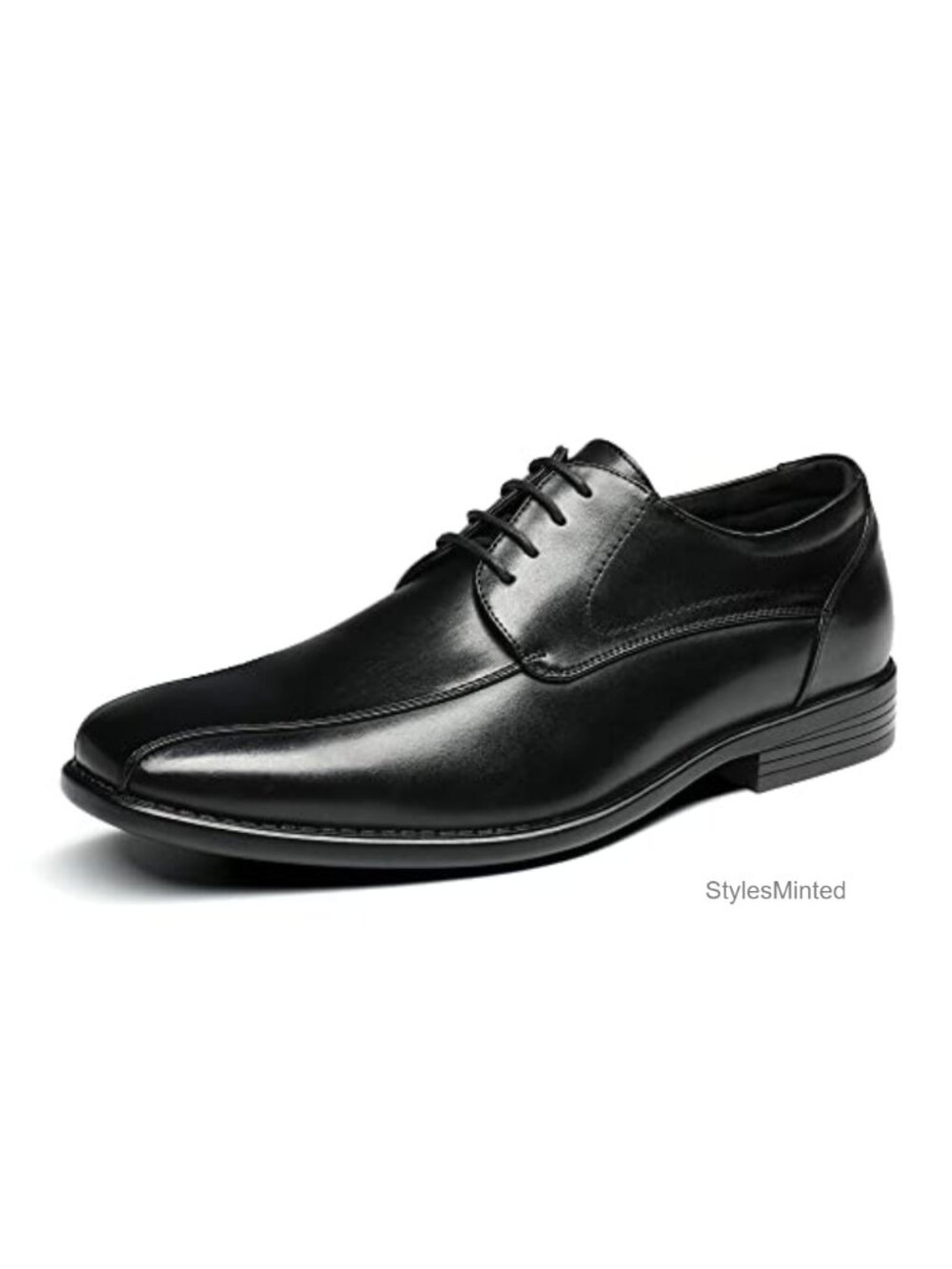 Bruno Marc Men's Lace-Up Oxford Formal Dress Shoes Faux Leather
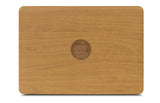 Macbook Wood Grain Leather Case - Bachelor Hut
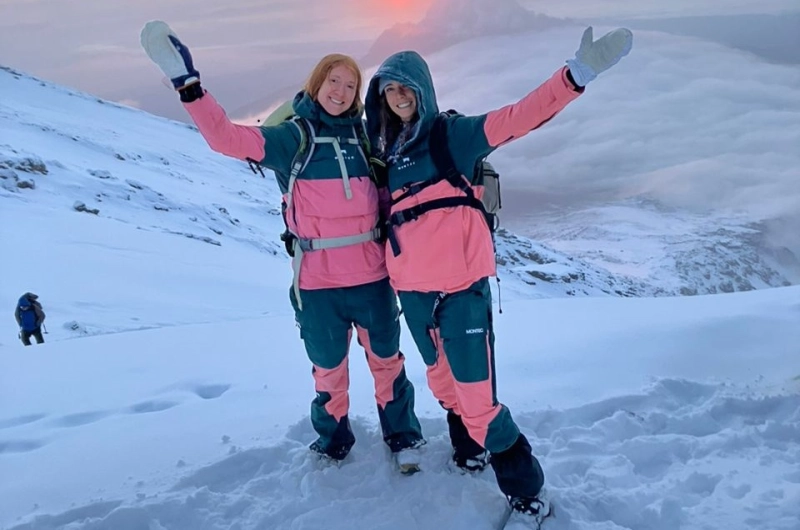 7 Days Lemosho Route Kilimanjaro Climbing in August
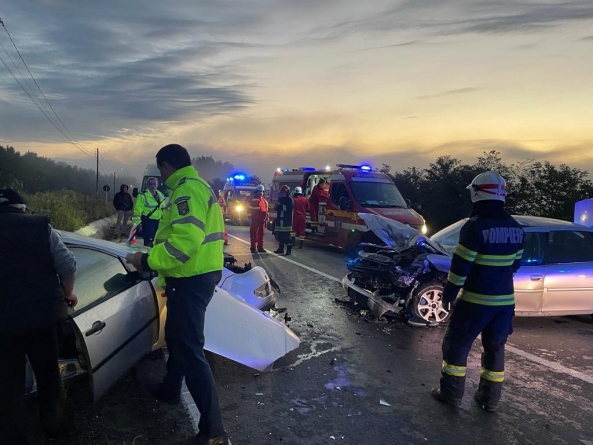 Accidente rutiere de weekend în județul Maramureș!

§ PROMPT:
Where the line containing "Macbook Wood Grain" appears above, start there and set down each line exactly through the last line of the data; leave out every picture.

§ ANSWER TO THE EXERCISE:
 Macbook Wood Grain Leather Case - Bachelor Hut
 7 Days Lemosho Route Kilimanjaro Climbing in August
 Accidente rutiere de weekend în județul Maramureș!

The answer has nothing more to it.